Forty-two artists scored multiple entries in the top 10 in 2006. American singer Nicole Scherzinger of The Pussycat Dolls had the most top ten singles in 2006 with five. Four of the singles were with her band, the exception being "Come to Me", her debut solo single and a collaboration with P. Diddy. The single peaked at number 4 on 14 October 2006, its first week of release, and spent four weeks in the top 10 in total. The best-performing single with The Pussycat Dolls was "Stickwitu" which had peaked at number-one in 2005. "Beep" reached a high of number 2, "Buttons" landed one place lower and "I Don't Need a Man" was at number seven.

Five artists made the top 10 on four occasions in 2006, including The Pussycat Dolls as a group. British girlband Girls Aloud's tally again included a holdover from 2005, their number 9 hit "See the Day". "Whole Lotta History" went to number six in March, "Something Kinda Oooh" was a top 3 entry in October, while the group finished the year with their number four cover of "I Think We're Alone Now", best known as a hit for Tiffany in 1987.
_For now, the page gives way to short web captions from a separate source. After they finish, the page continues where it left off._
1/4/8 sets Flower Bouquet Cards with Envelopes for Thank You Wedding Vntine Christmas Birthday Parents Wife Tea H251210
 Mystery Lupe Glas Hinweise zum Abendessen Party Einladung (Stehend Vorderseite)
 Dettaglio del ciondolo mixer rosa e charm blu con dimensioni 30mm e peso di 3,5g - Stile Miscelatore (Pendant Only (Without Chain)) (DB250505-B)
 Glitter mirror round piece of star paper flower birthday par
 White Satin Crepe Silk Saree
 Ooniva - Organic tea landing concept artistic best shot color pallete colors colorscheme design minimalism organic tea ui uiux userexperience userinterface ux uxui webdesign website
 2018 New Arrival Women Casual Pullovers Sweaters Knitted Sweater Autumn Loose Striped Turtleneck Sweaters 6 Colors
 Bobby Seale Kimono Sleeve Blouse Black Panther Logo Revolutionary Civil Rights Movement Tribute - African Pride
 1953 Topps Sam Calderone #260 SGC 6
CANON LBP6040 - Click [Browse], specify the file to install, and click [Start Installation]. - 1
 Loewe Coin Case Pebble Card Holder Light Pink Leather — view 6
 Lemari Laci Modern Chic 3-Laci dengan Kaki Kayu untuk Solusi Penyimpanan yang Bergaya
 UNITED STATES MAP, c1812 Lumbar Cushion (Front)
Madonna had another year of chart success. "Hung Up" had topped the rankings in 2005 but she also had three new entries in 2006. "Sorry" made number-one for a single week on 4 March 2006, "Get Together" reached number seven in August and "Jump" squeezed in at number 9 in November.

Fergie and will.i.am of Black Eyed Peas were the final artists with four top 10 hits this year. will.i.am guested on The Pussycat Dolls' "Buttons", while the other three singles were as part of the band. "My Humps" and "Pump It" both reached number three, and they also got together with Sergio Mendes for a new interpretation of his song Mas Que Nada, taking it to number 6 in July. Fergie's other hit single was her solo debut "London Bridge", which peaked at number three.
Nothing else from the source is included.